Olympic Team partners with Active At School in education program

On Tuesday in Vancouver, the Canadian Olympic School Program announced a partnership with Active At School in front of hundreds of cheering kids.

At Sir Sandford Fleming Elementary School, Olympic women’s hockey champion Meaghan Mikkelson was on hand to help launch the initiative, along with Olympians Michelle Li and Sandra Sassine. Also joining the group was men’s national rugby team player Nathan Hirayama.

The program, developed in partnership with Active At School, is designed to reach over 250,000 students in Canada in a bid to increase the level of physical activity among school children.

Meaghan Mikkelson holds up one of her two Olympic gold medals.

Meaghan Mikkelson

Active At School was conceived by Olympic Team partner Canadian Tire as a way to get kids active for 60-minutes a day.

Download education resources

“I was very fortunate to have been given the opportunity to be involved in sport and be exposed to a healthy lifestyle, and as a result, sport has brought so much to my life,” Mikkelson, who won Olympic hockey gold with Canada in Vancouver and Sochi, told Olympic.ca. She hopes through this initiative more students will choose an active path, and Mikkelson feels it is vital for her to “promote physical activity in schools” across Canada.

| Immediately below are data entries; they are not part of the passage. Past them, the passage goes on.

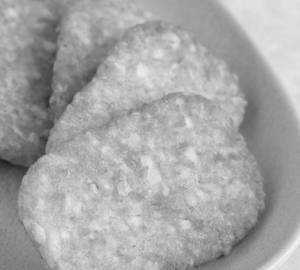Hashbrown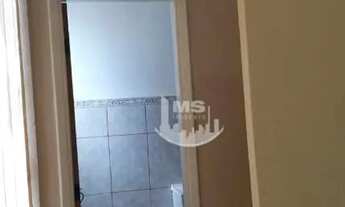 Imagem 5: Sala à venda, 35 m² por R$ 90.000,00 - Centro - Campinas/SP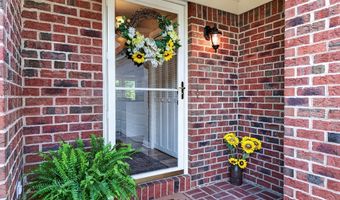 490 Court St #22, Abingdon, VA 24210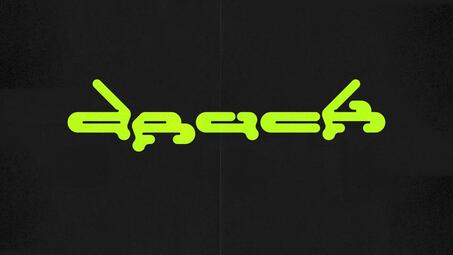 Vergrößerte Ansicht von Druck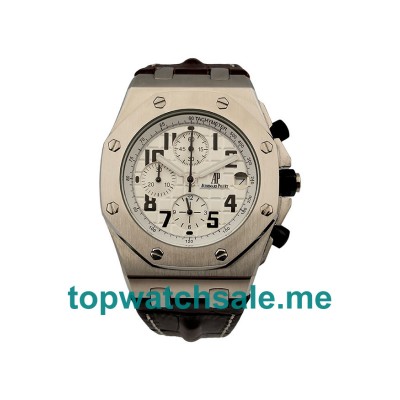 Audemars Piguet Replica Royal Oak Offshore 26170ST - 42 MM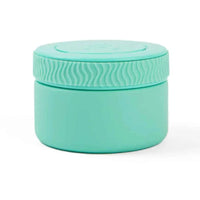 
              Montiico Insulated Mini Food Jar 200ml Rockabeez Gifts and Toys
            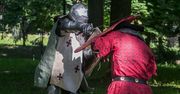 Konin: Weekendowy rozkład jazdy. Zobacz, co będzie się działo!
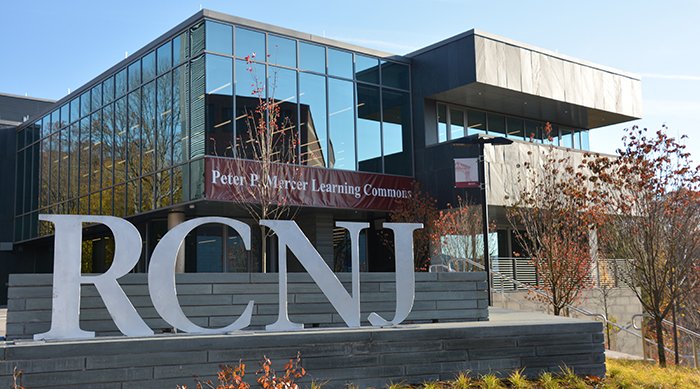 As a state college, we are obligated to address the needs of NJ communities. To help alleviate NJ's teacher shortage, RCNJ established a dual certification program with @morrisunion to enable TAs/paraprofessionals to become certified teachers in just 1 yr! njbiz.com/unique-partner…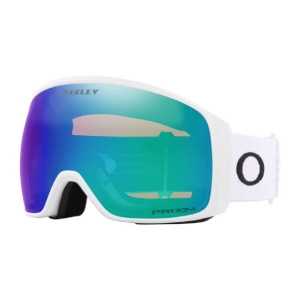 오클리 ZQC 0OO71046800 플라이트 트래커 L 프리즘 아르곤_이미지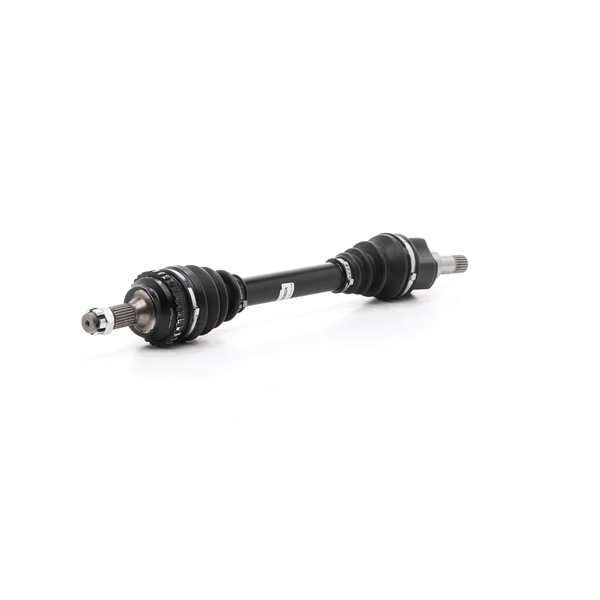 Köp billiga original Drivaxel 13D0080R jämförbara med 32727F OEM nummer på nätet
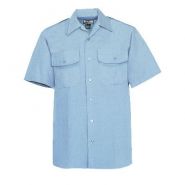 Deluxe Transit S/S Shirt - Women's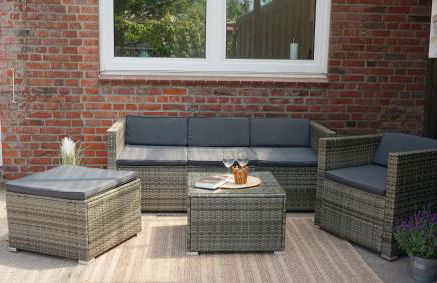 Huus Günter - Foto 6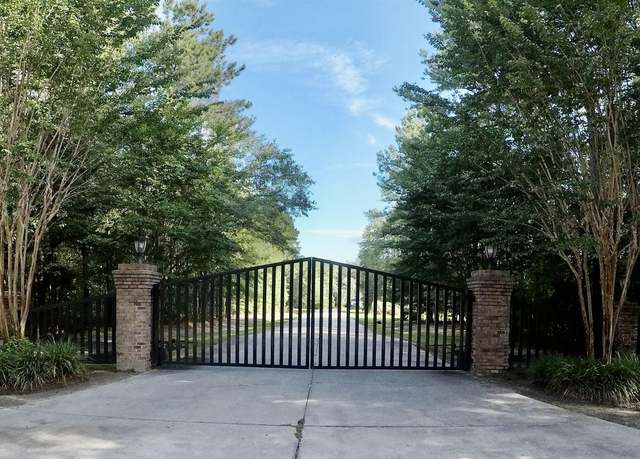 Property at Lot 56 Sweetbriar Ln, Walterboro, SC 29488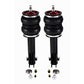 Performance Front Kit, Volkswagen 1990-2003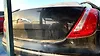 Trunk - 2011 Jaguar XJL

Olympic fencer Sandra Sassine (left in white) surrounded by kids and Komak.

Olympic fencer Sandra Sassine (left in white) surrounded by kids and Komak.

Educators took to the school program in massive numbers in 2014. Over 180,000 education resources were downloaded in English and nearly 60,000 in French. While it is a Canadian guide, the free-to-download resources have been used throughout the United States and in over 100 countries worldwide.

Highlighting the latest edition are a teacher’s guide for daily physical activity, a tracker for recording activities, and challenge cards featuring Olympians. The primary goal of the program since 1987 has been to extend the spirit of the Olympic movement to classrooms. This year Active at School joins to put an emphasis on physical activity.